Ein Blick auf die Landkarte gibt Anhaltspunkte: Bachmut ist ein Verkehrsknotenpunkt im Donbass. Fährt man von dort nach Nordwesten, gelangt man nach Slowjansk und Kramatorsk – also ins Herz des Landesteils, der sich noch unter der Kontrolle der Ukraine befindet. Dorthin muss Putin seine Panzer schicken, um den südlichen Donbass zu beherrschen und wenigstens einen Teil seiner "Spezialoperation" als Erfolg verbuchen zu können. Ohne Bachmut einzunehmen, wird nichts aus diesem Plan.

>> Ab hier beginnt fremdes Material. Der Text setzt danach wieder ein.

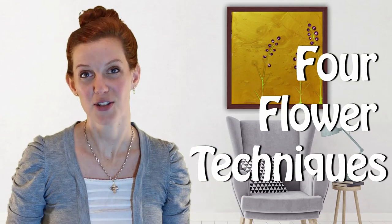In this video I'm going to show you a few techniques — very easy beginner ones — on how to create flowers. There were some mistakes, I'll tell you, so I had to shoot some of them a few times.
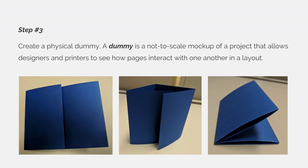Step 3. You should create a physical dummy. A dummy is a not-to-scale mock-up of a project that allows designers and printers to see how pages interact with one another in a layout. It also allows you to make sure that your fold is functional. You can see from my example here that I created a four-panel folding dummy. It has four panels or eight pages, because every panel has a front and a back, which is a front page and a back page.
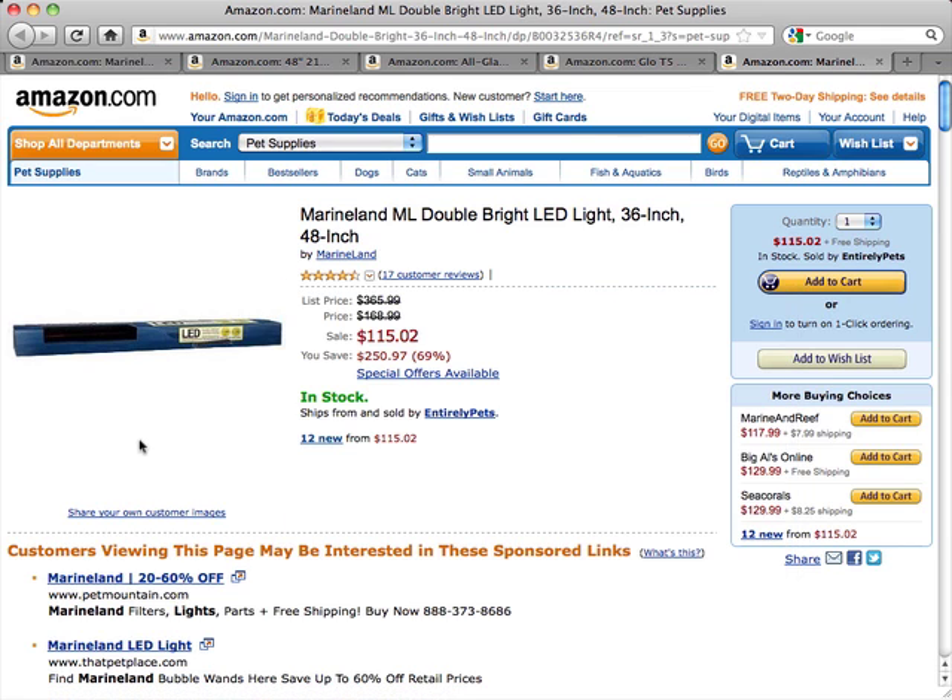Other than that, most people that own these lights absolutely love them, which is why they're rated so well. They're priced well and you can get a good deal on them right now.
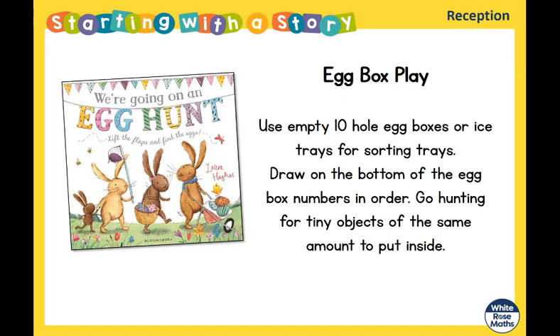Egg box play: use empty 10-hole egg boxes, or maybe an ice tray or something that has 10 holes in it as sorting trays. Draw on the bottom of the egg box numbers in order — 1, 2, 3, 4, 5, 6, 7, 8, 9, 10. Now go hunting for some tiny objects and put the same amount inside each hole. For example, how many objects go in the hole that has five? Yes — five! Take your egg box and go have a look, off you go.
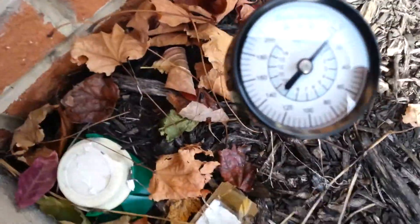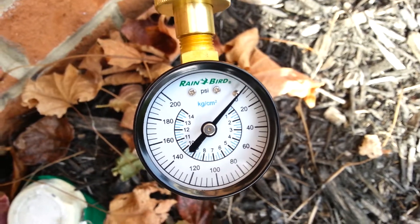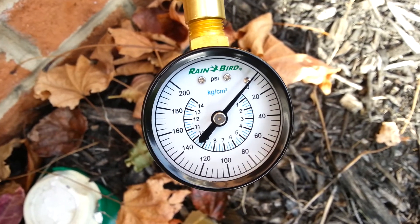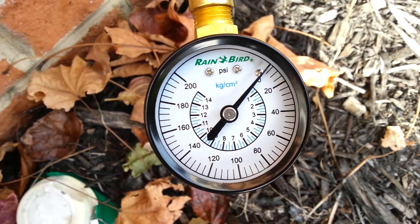I don't know if you can see this, but I did just put the water on the house, and we're going to see what the pressure is when I turn the valve on. I'll confirm that the pressure reducing valve is shot in my house.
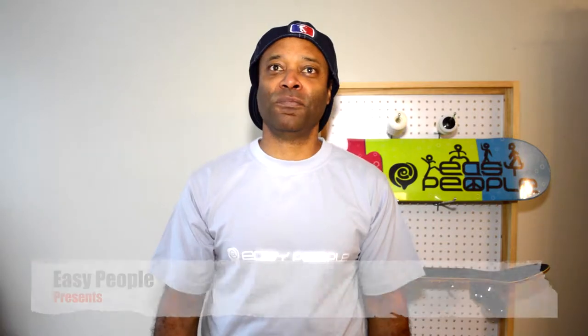Hi, I'm Hedrock. Welcome to Easy People. Today I'm going to show you our Skateboard Complete.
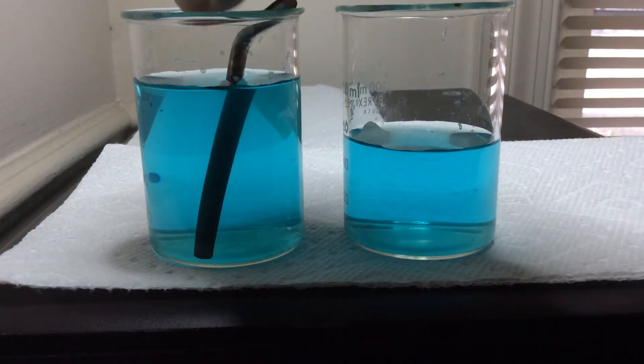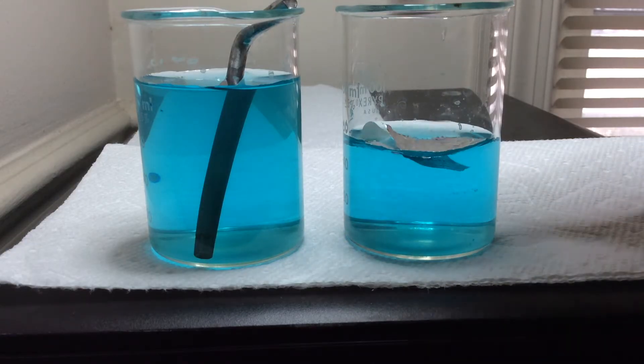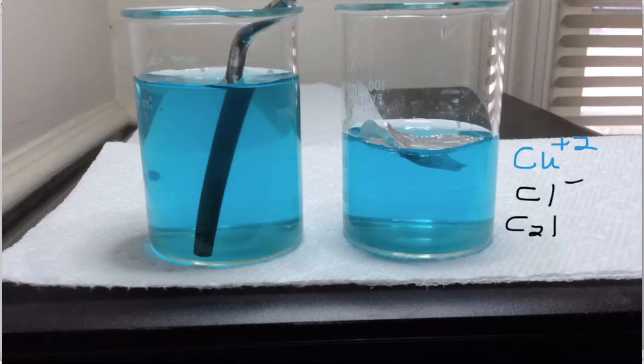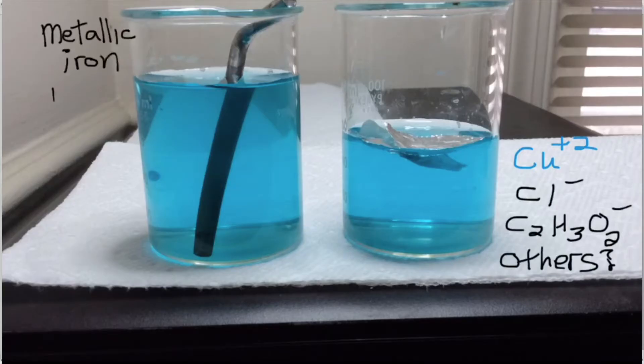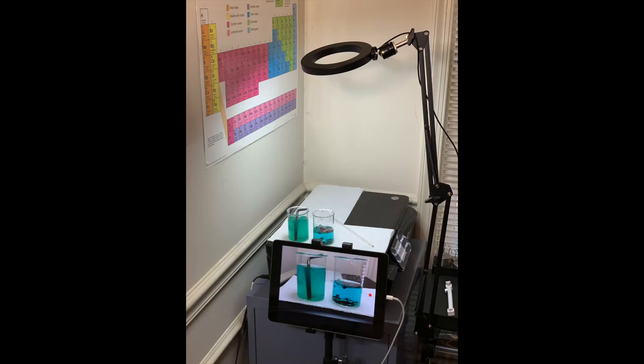I set up two beakers with copper solutions and put an iron Allen wrench in one and some aluminum foil in the other. The blue color comes from the hydrated copper ions, while there are also likely chloride and acetate ions — maybe some others — which are colorless. Then I set this up as a time lapse.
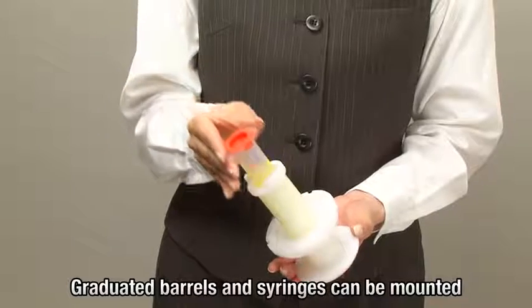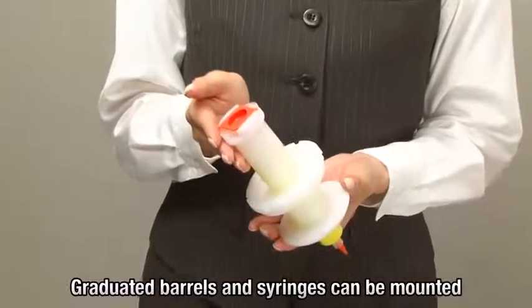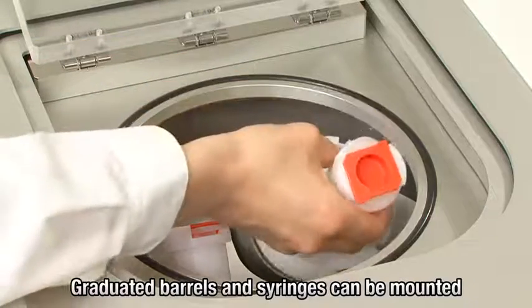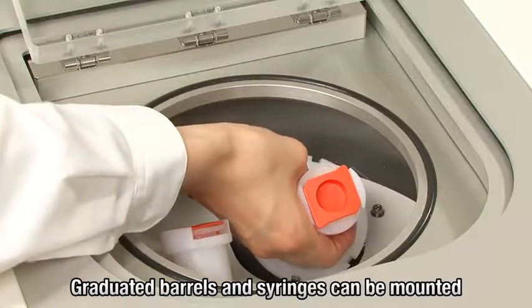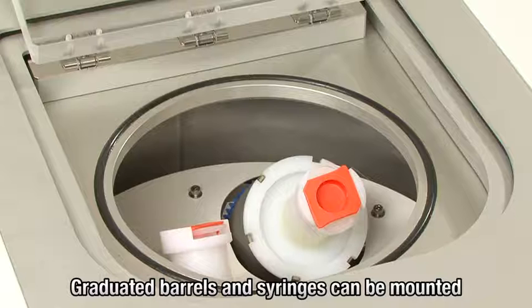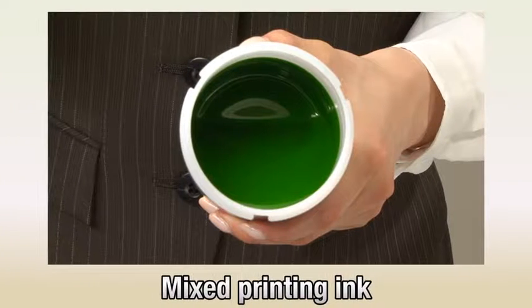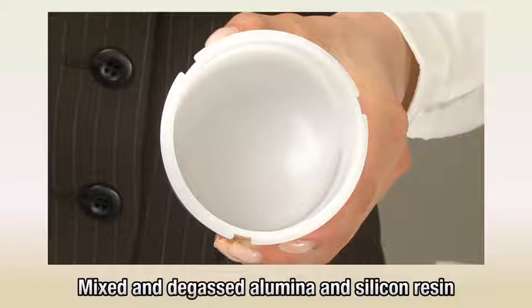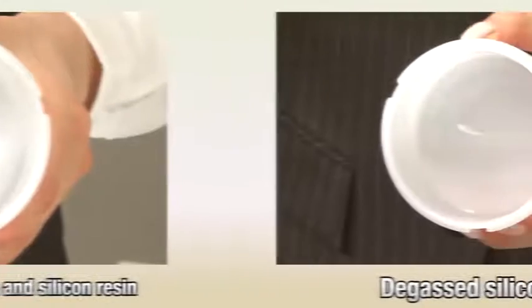Moreover, long barrels and syringes can be set in the holder and positioned at a fixed distance from the revolution axis for even mixing. It is possible to set the processing method for mixing and degassing various materials.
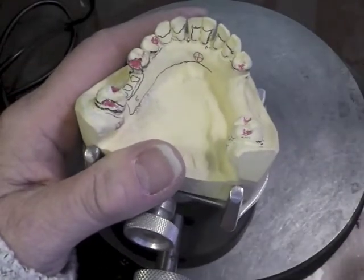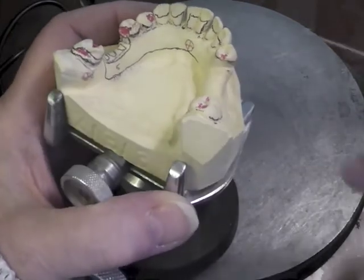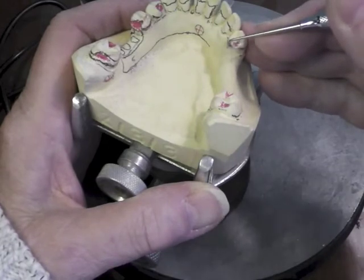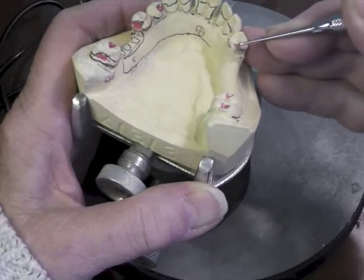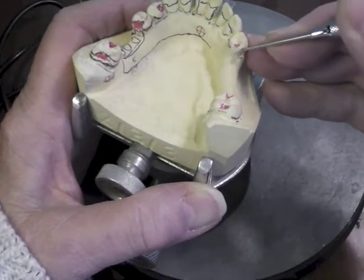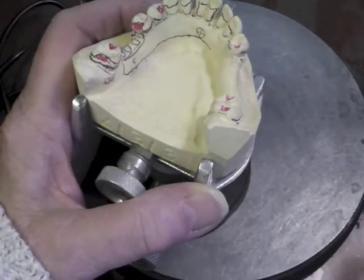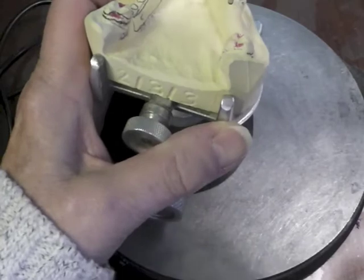As we come over here, we've got to prepare this particular rest right here. Again, I have a very high survey line, so the first thing I want to do is prepare my guiding plane so that I can have parallel guiding planes. I'm going to lower that survey line preferably to at least three millimeters below the marginal ridge. I'm going to re-survey it to make sure that I did achieve that, and I have.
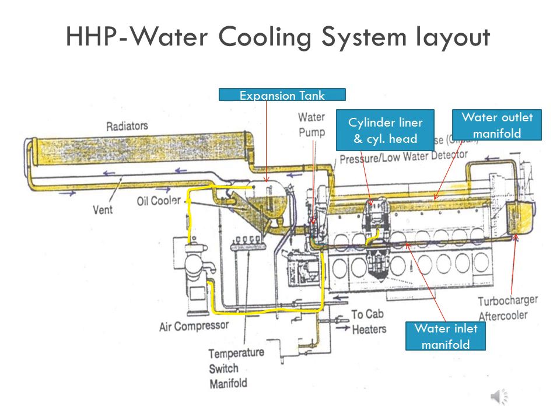Layout of the cooling water system: in this slide, the basic layout of the cooling water system is shown and the names of the components are indicated. The yellow color indicates the flow of coolant or water. When the engine is started, the two water pumps — which rotate in the opposite direction of the engine crankshaft — draw coolant from the expansion tank and discharge it to the water inlet manifold located in each air box. Coolant from the water manifold is then supplied to each cylinder liner individually via the water inlet tube assembly. Coolant flows upward in the cylinder liner water jacket and enters the cylinder head.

Aha, ein strategisch wichtiger Ort also – könnte man meinen. Doch die strategische Bedeutung ist kräftig geschrumpft. Bis zum vergangenen September noch hätten die Russen einen Vorstoß von dort mit einem weiteren von Norden, aus Richtung Isjum, zu einer Zangenbewegung kombinieren können. Das ist vorbei, seit die Ukrainer die Region im Norden zurückerobert haben. Die notwendige zweite Achse für die Offensive fehlt seitdem.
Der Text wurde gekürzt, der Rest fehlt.